Valeria Bertacco
- Valeria has a talk, and a demo, but of course the hardware isn’t co-operating.
- Cryptography is pervasive. It’s also big business. The direct value of companies like RSA and Verisign is tens of billions. The value of ecommerce companies is hundreds of billions.
- Asymmetric cryptography, RSA keys, rely on two large primes, with which ou perform clever maths.
- Cryptanalysis: poking the cryptography with a stick.
- 2009 we proved you could brute-force 768-bit keys, but it required computation-years to do reliably.
- Side-channel attacks: you measure the time required to encrypt, and guess the key form that. We no pad encryption to avoid this.
- Fault-based: a faulty CPU may leak information in the form of errors.
- Attacks via Transient Faults: when transistors give the wrong values intermittently.
- These are normal events, but normally last <1 clock cycle, but in bad cases will propogate up the stack to the software.
- The probability is very low. But they can be triggered by solar particles (alpha particles, which is dependent on altitude), and are non-predictable.
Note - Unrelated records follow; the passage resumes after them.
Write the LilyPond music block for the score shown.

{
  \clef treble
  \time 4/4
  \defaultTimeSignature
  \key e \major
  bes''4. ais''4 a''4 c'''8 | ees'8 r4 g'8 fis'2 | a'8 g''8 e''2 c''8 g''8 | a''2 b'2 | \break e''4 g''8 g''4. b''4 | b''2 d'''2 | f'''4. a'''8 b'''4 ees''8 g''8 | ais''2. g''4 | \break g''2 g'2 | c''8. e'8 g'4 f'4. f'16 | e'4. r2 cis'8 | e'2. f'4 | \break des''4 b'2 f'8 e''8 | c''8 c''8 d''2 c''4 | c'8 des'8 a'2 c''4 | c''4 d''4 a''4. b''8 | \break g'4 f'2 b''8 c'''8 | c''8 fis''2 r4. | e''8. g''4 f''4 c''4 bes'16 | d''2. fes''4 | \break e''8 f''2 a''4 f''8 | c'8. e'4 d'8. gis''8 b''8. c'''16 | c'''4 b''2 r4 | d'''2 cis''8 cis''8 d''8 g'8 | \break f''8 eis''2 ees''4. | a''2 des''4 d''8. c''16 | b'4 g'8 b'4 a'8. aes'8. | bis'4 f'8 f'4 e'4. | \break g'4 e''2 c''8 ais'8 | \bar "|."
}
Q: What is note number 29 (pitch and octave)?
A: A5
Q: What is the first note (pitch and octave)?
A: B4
- As transistors have shrunk, they have become more susceptible to this sort of fault, because they’ve become more fragile.
- As we get smaller we may even get to the point where a single alpha particle can flip many transistors.
Forcing Faults Reliably
- A transient fault that occurs when performing the handshake may leak information through the corrupt response. If you can do enough corrupted handshakes, you may get a lot of informaiton.
- Our testbed is an FPGA board running a SPARC v8@40MHz, running Debian. We munt it with a voltage controller to induce faults.
- When you drop voltage, the multiplier, which is the most sensitive component, will have problems. If we gofrom 1.5V to 1.0V always fails. But if you drop it to, say, 1.3V, it will fail intermittently.
- OpenSSL uses a fast algorithm to encrypt; it then verifies the encrypted data, and falls back to a slower, more reliable algorithm if that doesn’t work.
- The attacker collects the faulty signatures over the time. It relies on the fact the slow, reliable algorithm breaks the message into windows. The attacker can collect leaked information window-by-window.
- This ends as a window-by-window brute force.
- But it means you are brute-forcing only, e.g. 4 bits instead of 1024 bits. 100 seconds per check, 2^6 checks in the worst case.
- This makes it quite a lot easier to break the server’s private key.
- In the example, 8,800 signatures were collected in a few hou rs, and then analyzed. They 1024-bit private key was cracked in 100 HOURS.
- Apparently 60 degrees C is about optimal for creating key-cracking errors with the hardware she’s using. Temperature is harder to control that voltage, though.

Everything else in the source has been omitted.